YOUR ASSIGNMENT. Your copy starts at the line containing "Women's black backless" and ends at the last line of the material below. Reproduce those lines exactly, with no pictures.

GIVEN INFORMATION.
►
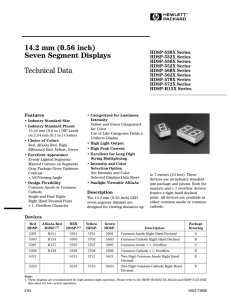 14.2 mm (0.56 inch) Seven Segment Displays: Technical Data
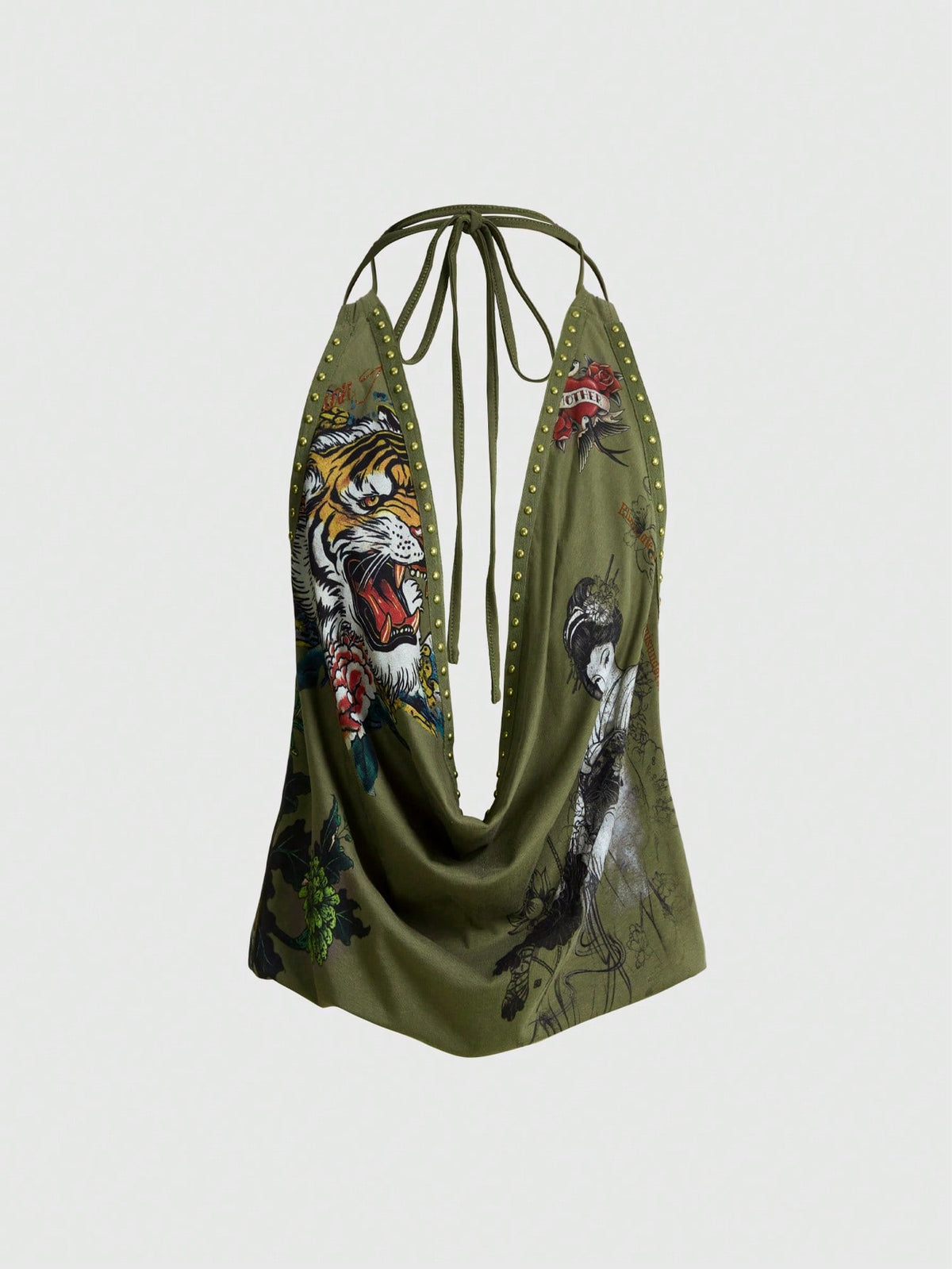 Women's black backless halter crop top featuring a V-neckline, tie-back detail, and asymmetrical hem.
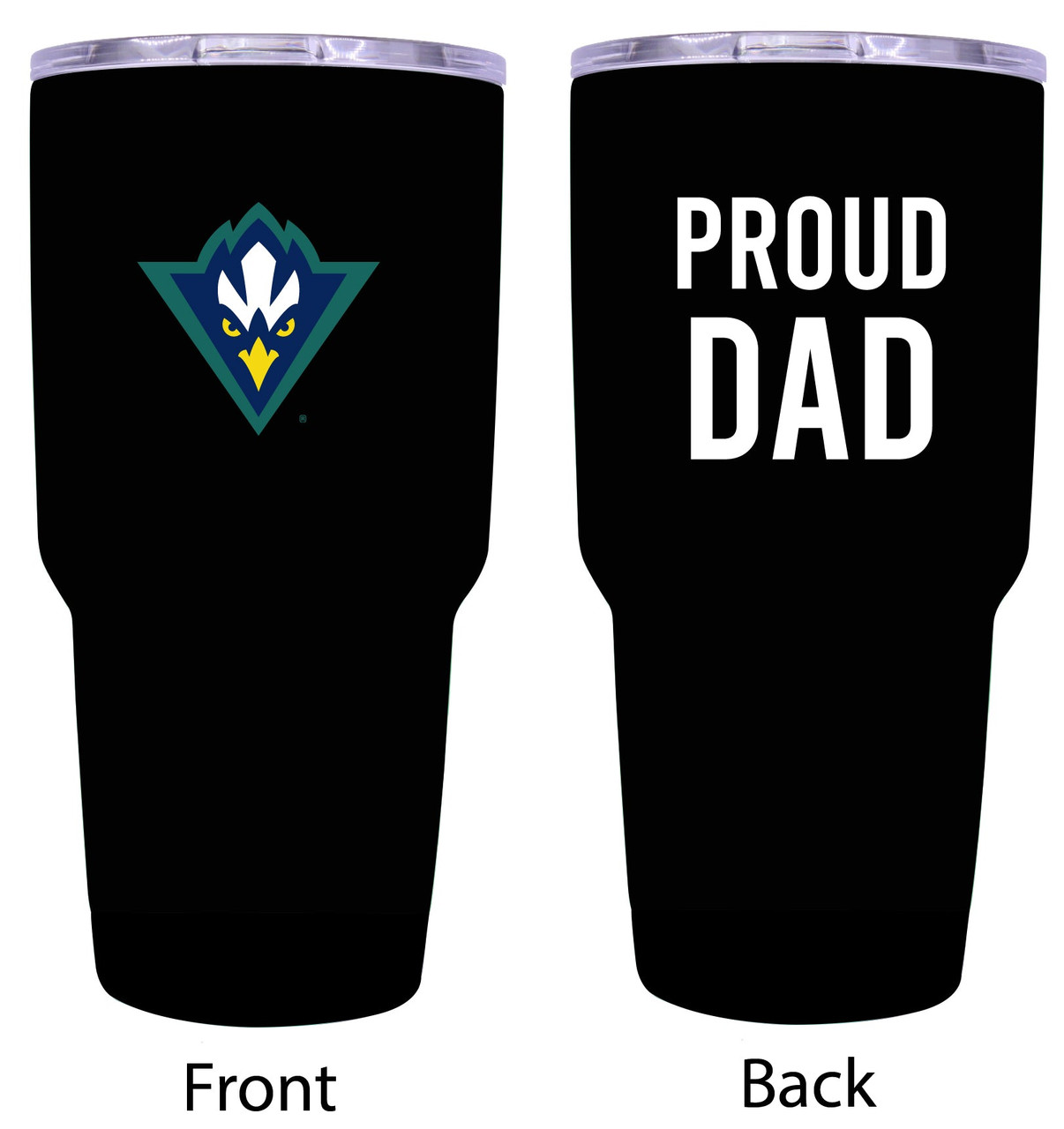 North Carolina Wilmington Seahawks Proud Dad 24 oz Insulated Stainless Steel Tumblers Black.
◄
EXERCISE ANSWER.
 Women's black backless halter crop top featuring a V-neckline, tie-back detail, and asymmetrical hem.
 North Carolina Wilmington Seahawks Proud Dad 24 oz Insulated Stainless Steel Tumblers Black.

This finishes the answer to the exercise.